THOSE BRAVE UPHOLDERS OF TRADITION
“I sent in a blank ballot. I didn’t vote for anybody. It’s nothing personal against Tony Gwynn or Cal Ripken Jr., who have numbers that speak for themselves. … (But) to me, the steroid era is not worthy of my vote. Anyone who played in that era makes me reluctant to jump on bandwagons.”
–Chicago sportswriter Paul Ladewski, on his HOF ballot.
“I want him to vote his conscience. I want him to vote how he feels. I don’t want anybody trying to sing my praises. If he feels like I’m worthy enough, then hey. … If he doesn’t, for whatever reason, then don’t.”
—Padres OF Tony Gwynn on Ladewski. (Tim Sullivan, San Diego Union-Tribune)
“I’m not the kind of person who will rant and rave. I want to make a conscientious vote on this. I don’t want to go in half-cocked. I’d rather vote for someone one year too late than one year too early.”
WAS THE CIVIL RIGHTS ACT UNANIMOUS? I REST MY CASE.
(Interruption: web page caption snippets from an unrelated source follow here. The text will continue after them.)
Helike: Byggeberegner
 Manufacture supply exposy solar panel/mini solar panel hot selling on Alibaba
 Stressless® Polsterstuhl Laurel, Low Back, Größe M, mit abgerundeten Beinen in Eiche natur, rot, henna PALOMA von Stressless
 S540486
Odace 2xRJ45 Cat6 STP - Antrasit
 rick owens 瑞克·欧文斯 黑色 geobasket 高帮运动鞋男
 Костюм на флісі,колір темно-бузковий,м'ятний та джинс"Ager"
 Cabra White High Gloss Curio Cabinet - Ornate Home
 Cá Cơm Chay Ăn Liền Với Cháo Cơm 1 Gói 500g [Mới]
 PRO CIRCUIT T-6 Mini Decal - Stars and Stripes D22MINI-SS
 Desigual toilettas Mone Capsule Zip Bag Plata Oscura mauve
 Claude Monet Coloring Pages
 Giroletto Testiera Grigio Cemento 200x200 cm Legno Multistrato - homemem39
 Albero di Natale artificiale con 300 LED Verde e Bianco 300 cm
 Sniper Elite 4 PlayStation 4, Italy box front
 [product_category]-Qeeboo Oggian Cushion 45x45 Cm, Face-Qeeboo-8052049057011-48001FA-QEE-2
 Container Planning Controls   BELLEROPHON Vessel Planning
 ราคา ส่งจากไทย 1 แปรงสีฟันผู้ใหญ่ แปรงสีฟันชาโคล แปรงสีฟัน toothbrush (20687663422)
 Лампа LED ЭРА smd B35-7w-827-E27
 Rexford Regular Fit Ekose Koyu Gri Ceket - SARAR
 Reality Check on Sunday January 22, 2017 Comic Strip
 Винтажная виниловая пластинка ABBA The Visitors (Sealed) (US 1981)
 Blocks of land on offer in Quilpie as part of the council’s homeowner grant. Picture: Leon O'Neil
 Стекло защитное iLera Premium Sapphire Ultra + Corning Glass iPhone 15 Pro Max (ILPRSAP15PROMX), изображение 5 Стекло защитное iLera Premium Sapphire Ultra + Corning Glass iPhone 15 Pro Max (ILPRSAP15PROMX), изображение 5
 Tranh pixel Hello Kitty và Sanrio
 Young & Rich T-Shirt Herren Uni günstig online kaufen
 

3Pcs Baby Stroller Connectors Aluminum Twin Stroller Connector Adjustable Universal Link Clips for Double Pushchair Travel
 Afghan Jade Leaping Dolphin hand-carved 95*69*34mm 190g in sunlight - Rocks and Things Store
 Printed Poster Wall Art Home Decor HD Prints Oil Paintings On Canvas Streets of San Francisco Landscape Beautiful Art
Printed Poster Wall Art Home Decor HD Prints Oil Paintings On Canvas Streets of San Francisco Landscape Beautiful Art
“I will say this about unanimity. I don’t think it will ever happen, and am not sure that it should. What is wrong with dissent? Isn’t that part of the American character? Not everybody voted for George Washington or Abe Lincoln, a couple of slam-dunk Hall of Famers, if you ask me. At the risk of being blasphemous, even Jesus did not get a unanimous vote at the Last Supper.”
—Jack O’Connell, secretary-treasurer of the BBWAA.
“I refuse to vote for any veteran who played in that period, even if he was not a suspected user. In my opinion, any such player had an obligation to blow the whistle in the best interests of the game, even if he did it anonymously.”
“I understand this is an unusually hard-line approach, but I believe it’s my responsibility to uphold the Hall of Fame standards in whatever way necessary.”
TIM, YOU’RE MAKING TOO MUCH SENSE. TAKE THE PLASCHKE PILL AND CALL US IN THE MORNING
“I personally don’t think we look particularly good as a group that we’ve never had a unanimous Hall of Famer. I mean, really – Willie Mays, Hank Aaron – give me a reason why somebody didn’t vote for them. That’s preposterous…The fact that we haven’t had [a unanimous choice], I don’t think that’s a tradition we should be preserving. I think it’s a tradition we should be ending.”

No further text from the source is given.